Evan Schott, Darrian Bowen and Jason Junkkarinen are recipients of the Critical Language Scholarships through the State Department, which will take them to Vladimir, Russia (east of Moscow) from mid June to August.
They are three of 80 students chosen nationwide out of a pool of 500 applicants and will have all of their expenses paid. Many of the 80 are students are working on graduate degrees and possess advanced Russian language skills.
The students’ instructor and Sylvania Campus Russian Department Chair Kristine Shmakov, encouraged them to apply for the scholarship last fall after they showed success in Alla Grigoryan’s accelerated Russian class. Shmakov gave them a language evaluation to make sure they will be at intermediate level or better. The State Department program can be daunting and thus may discourage many students from applying.
“I have had only one other person apply,” Shmakov said. “In the past, people haven’t wanted to do it because they are too intimidated by it. It’s probably the most prestigious scholarship in the U.S. for Russian. But if you don’t throw your hat into the ring you can’t even be considered so I encouraged them to do that. We were very lucky.”
The program consists of intensive language training with 20 hours per week of classes and a full slate of cultural events, home stays with a family and side trips to St. Petersburg and elsewhere.
“They will keep them extremely busy and they won’t have much free time,” said Shmakov, who was a reader for the national scholarships. “The applicants were over-the-moon stellar, which means these guys are among those caliber of students. I’m extremely proud of these guys and it’s a big honor for them.”

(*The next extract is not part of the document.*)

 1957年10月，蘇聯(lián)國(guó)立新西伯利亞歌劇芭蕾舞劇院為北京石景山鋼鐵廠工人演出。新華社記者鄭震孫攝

Although PCC does not offer a degree in Russian, the classes are lower division collegiate courses that transfer to a four-year college or university. There are more than 140,000 Russian-speaking immigrants in Oregon and Washington. The U.S. Census indicates that the Pacific Northwest has had the greatest influx of Russian-speaking immigrants anywhere in the nation during the last 10 years, making Russian one of the most commonly spoken languages in the region and designated a language of critical need by the U.S. government.

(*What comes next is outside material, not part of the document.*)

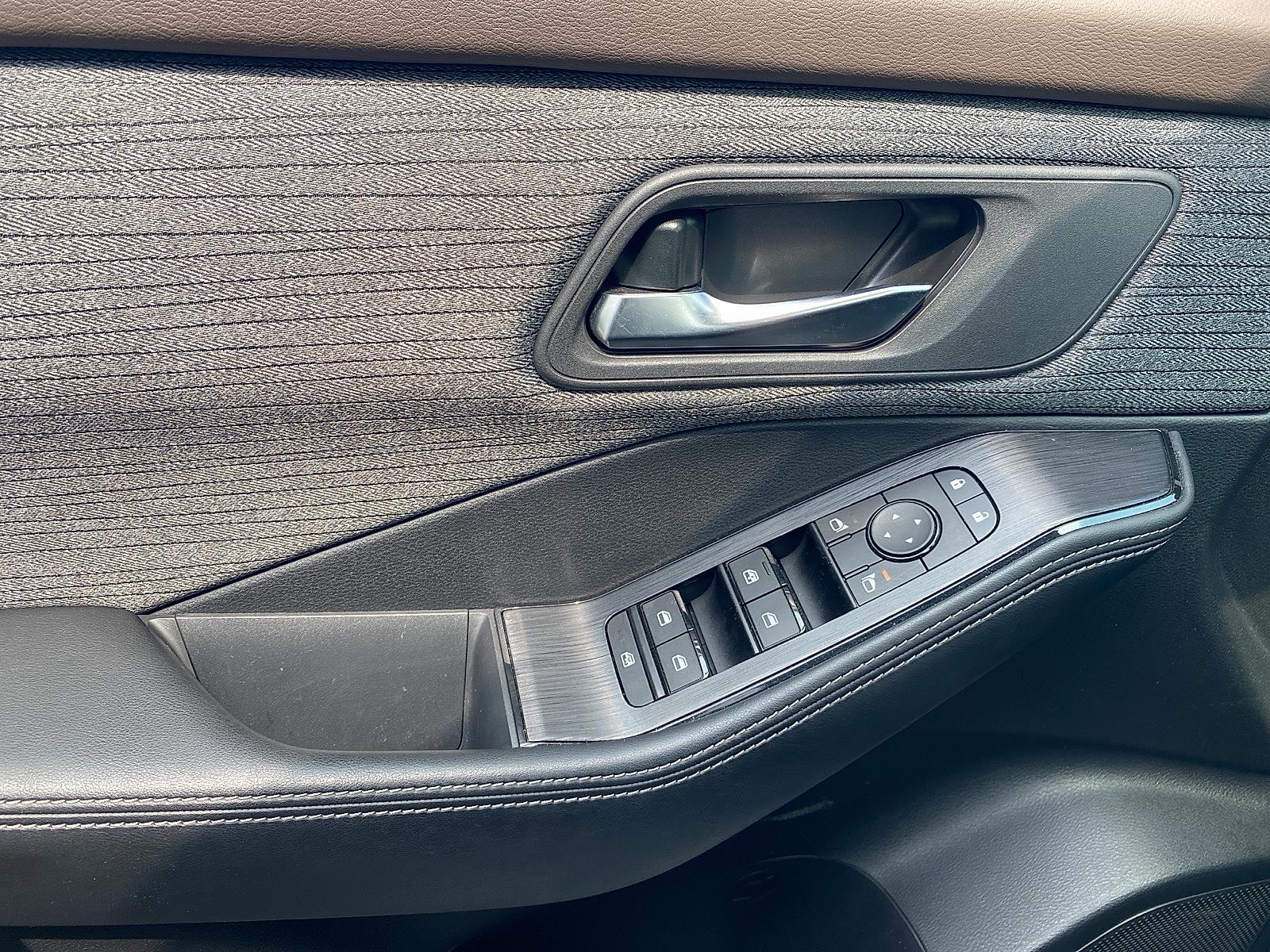 Vehicle image 18 of 26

Evan Schott, 32, plans to use his Russian language skills to learn more about the culture and to appreciate its films and literature. He plans to transfer to Portland State University with a focus on computer science.
“I really hadn’t expected to do so well (in Russian) and I definitely like the challenge that it provides,” Schott said. “I was surprised and very happy (to get this honor).”

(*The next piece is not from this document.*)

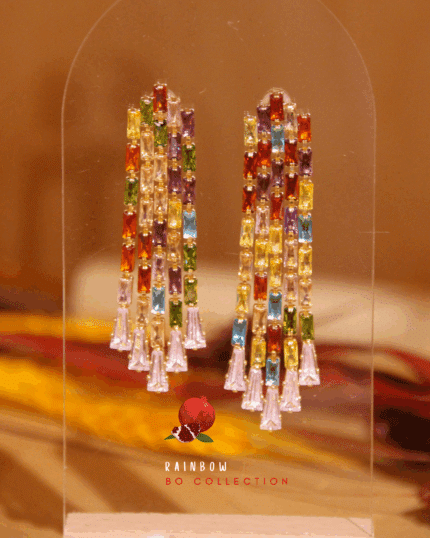 Boucle d'oreille palqué or avec zircons colorés formant une cascade de couleur comme un arc en ciel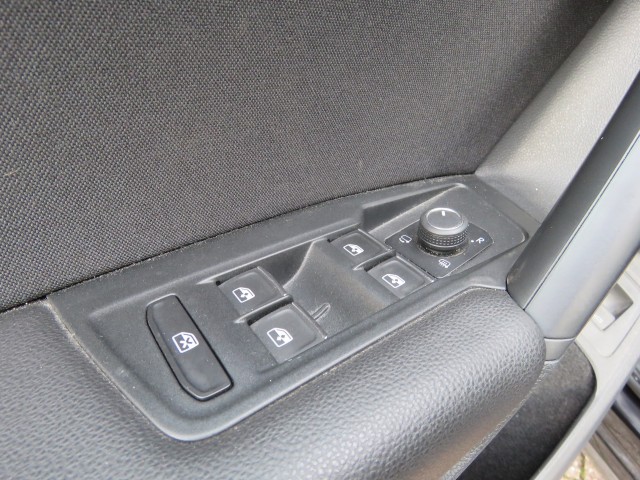 VOLKSWAGEN TIGUAN 1.4 TSI 245pk eHybrid Elegance / Trekhaak / IQ Light / Stoel + stuurverw. / Camera / BOVAG garantie, Garage Gr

Darrian Bowen, who is co-enrolled at PCC and PSU, said he isn’t intimidated by the challenge of being immersed in Russian culture and language. Bowen, 25, was the last to know over that eventful weekend a few weeks ago that he had been selected.
“They both found out over the weekend through e-mail and I didn’t check it so Kristine told me to go log in when I got to class on Monday,” he said. “So I left class and I didn’t want to come back after reading it because I wanted to call my dad instead, I was so excited.”
Jason Junkkarinen, a 24-year-old Forest Grove resident, is a returning student who found Russian after researching his Finnish heritage. He said he will be co-enrolled at PSU and PCC next year and wants to earn an economics and Russian language degrees. He plans to be a teacher or work in government.
“I know it’s going to be very hard and a lot of work, but it will be worth it,” said Junkkarinen of the Russia trip.